**PROVIDED DATA:**
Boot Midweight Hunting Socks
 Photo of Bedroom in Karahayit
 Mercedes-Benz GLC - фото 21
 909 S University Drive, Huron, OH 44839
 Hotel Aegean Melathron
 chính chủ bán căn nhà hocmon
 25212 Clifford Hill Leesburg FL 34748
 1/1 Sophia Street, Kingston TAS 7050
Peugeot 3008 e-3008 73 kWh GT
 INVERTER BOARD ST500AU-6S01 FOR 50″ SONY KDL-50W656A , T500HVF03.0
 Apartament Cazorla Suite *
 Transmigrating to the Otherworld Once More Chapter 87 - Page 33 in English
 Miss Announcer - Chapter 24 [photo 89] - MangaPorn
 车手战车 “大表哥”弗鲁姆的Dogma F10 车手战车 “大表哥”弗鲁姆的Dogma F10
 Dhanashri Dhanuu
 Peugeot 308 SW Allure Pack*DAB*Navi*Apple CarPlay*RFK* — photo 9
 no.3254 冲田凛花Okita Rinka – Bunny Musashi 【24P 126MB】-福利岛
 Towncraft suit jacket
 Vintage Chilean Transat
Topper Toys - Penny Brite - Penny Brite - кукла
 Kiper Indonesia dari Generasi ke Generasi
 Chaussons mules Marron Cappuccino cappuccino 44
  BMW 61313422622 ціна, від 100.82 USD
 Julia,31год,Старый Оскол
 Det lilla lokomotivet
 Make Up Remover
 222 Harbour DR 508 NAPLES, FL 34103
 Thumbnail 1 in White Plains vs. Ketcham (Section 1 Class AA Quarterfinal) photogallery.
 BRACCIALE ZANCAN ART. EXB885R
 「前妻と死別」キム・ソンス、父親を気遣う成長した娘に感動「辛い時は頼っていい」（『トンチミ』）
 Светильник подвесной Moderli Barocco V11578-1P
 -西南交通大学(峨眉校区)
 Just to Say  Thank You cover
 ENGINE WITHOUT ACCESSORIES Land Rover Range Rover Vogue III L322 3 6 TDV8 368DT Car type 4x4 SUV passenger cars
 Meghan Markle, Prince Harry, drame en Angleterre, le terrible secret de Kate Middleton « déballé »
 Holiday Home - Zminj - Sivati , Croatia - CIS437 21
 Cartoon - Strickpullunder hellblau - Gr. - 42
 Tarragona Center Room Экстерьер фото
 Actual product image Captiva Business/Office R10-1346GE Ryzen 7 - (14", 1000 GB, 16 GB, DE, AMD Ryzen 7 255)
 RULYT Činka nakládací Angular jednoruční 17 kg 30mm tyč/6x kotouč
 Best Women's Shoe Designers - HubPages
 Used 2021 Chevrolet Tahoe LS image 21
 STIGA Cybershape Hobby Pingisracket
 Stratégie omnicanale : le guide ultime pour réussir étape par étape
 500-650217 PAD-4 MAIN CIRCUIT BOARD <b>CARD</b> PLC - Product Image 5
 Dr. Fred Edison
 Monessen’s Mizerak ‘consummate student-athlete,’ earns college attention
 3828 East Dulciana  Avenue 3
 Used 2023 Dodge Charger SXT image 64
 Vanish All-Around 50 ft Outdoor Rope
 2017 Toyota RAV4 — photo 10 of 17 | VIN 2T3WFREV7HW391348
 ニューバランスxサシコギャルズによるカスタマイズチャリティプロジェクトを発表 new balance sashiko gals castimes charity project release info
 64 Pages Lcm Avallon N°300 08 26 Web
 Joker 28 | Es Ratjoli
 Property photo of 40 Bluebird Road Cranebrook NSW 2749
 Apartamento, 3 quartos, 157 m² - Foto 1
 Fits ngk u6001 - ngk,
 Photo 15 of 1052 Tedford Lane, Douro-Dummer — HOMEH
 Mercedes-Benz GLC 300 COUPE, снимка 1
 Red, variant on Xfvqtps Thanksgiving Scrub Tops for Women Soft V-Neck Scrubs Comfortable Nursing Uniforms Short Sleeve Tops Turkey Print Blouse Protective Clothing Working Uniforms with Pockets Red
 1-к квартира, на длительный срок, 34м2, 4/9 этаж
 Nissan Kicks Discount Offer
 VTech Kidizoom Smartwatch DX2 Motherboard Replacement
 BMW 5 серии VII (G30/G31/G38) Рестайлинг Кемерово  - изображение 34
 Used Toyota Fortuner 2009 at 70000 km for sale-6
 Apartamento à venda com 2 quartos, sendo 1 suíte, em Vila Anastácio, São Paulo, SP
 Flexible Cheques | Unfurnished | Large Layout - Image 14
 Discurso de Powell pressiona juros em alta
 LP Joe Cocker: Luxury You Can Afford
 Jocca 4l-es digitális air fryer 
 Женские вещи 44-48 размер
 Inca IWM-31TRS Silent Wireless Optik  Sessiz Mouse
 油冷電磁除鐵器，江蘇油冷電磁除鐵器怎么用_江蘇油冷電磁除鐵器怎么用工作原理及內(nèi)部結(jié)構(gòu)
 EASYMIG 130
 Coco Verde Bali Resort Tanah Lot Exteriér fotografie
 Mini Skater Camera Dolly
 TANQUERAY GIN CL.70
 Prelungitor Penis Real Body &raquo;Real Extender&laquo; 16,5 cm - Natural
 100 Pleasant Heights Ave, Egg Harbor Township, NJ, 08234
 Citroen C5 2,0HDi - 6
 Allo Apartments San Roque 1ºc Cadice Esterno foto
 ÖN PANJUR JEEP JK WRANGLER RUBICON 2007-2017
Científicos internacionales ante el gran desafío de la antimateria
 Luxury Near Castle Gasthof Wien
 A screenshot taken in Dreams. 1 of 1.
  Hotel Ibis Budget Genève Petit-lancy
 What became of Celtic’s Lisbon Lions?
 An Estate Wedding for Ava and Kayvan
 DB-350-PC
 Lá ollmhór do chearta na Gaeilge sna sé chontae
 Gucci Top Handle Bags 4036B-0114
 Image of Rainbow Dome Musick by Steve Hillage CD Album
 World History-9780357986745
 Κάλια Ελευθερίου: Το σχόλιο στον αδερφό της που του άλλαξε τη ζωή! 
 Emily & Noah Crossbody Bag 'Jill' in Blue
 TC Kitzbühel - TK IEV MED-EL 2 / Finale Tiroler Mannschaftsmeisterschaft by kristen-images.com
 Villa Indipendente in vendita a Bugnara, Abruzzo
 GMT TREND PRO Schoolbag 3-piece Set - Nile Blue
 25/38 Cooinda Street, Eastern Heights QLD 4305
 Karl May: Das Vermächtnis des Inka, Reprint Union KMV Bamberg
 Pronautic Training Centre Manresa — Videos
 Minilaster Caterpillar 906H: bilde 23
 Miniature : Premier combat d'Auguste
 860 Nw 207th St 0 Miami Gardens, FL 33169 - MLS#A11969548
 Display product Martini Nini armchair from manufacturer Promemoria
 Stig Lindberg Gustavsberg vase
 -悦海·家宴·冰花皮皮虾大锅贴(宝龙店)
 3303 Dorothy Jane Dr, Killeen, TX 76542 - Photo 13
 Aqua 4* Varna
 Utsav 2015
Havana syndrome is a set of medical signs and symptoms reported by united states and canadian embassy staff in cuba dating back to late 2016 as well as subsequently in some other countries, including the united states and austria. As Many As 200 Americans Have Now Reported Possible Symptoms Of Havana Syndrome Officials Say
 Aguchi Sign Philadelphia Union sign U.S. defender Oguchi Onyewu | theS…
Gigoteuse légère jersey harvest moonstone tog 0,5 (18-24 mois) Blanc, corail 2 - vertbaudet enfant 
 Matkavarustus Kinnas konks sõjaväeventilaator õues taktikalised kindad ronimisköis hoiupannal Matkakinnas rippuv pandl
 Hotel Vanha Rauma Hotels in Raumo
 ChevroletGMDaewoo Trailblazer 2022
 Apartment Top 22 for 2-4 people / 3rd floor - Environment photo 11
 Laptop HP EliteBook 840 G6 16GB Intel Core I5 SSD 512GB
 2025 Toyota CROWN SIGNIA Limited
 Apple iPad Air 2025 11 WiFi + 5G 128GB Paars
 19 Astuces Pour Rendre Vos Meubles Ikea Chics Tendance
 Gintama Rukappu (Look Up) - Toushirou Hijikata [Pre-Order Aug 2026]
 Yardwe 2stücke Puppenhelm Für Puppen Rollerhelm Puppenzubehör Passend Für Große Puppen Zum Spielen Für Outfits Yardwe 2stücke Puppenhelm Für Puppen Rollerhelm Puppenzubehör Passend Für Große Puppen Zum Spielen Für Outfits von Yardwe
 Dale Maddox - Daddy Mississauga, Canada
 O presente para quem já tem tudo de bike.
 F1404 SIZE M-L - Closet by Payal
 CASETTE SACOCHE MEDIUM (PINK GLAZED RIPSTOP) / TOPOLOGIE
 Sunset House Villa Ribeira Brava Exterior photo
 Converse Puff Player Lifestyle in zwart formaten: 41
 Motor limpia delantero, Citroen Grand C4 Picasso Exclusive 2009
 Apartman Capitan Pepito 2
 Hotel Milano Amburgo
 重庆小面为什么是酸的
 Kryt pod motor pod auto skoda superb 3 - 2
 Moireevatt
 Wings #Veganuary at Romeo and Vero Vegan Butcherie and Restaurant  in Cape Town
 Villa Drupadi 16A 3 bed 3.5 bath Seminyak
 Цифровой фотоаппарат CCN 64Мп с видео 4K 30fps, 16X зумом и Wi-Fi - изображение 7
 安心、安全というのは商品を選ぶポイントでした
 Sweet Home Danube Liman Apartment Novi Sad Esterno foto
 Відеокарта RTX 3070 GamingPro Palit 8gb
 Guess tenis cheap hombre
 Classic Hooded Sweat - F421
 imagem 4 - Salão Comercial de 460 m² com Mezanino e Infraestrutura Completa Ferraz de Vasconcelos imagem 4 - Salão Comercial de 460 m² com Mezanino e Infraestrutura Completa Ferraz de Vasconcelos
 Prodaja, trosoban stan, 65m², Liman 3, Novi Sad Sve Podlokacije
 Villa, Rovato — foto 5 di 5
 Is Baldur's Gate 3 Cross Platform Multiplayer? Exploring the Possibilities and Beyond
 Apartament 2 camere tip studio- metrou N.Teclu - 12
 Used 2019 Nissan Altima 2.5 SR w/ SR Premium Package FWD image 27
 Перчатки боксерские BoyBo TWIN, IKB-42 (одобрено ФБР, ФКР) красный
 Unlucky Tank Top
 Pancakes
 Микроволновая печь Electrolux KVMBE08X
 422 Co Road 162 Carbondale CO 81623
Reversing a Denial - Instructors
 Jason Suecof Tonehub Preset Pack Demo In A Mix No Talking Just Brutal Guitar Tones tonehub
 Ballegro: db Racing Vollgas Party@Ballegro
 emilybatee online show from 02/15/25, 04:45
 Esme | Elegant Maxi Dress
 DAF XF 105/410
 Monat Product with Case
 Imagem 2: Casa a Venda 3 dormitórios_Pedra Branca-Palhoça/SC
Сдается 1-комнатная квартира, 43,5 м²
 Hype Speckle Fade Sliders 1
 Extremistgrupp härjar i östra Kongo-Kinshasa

**TRY IT:** Starting with the line that holds "Used 2021 Chevrolet Tahoe LS image 21" and ending with the line that holds "Dr. Fred Edison", retype every line in the data above exactly, and nothing else.

**RESPONSE TO THE EXERCISE:**
 Used 2021 Chevrolet Tahoe LS image 21
 STIGA Cybershape Hobby Pingisracket
 Stratégie omnicanale : le guide ultime pour réussir étape par étape
 500-650217 PAD-4 MAIN CIRCUIT BOARD <b>CARD</b> PLC - Product Image 5
 Dr. Fred Edison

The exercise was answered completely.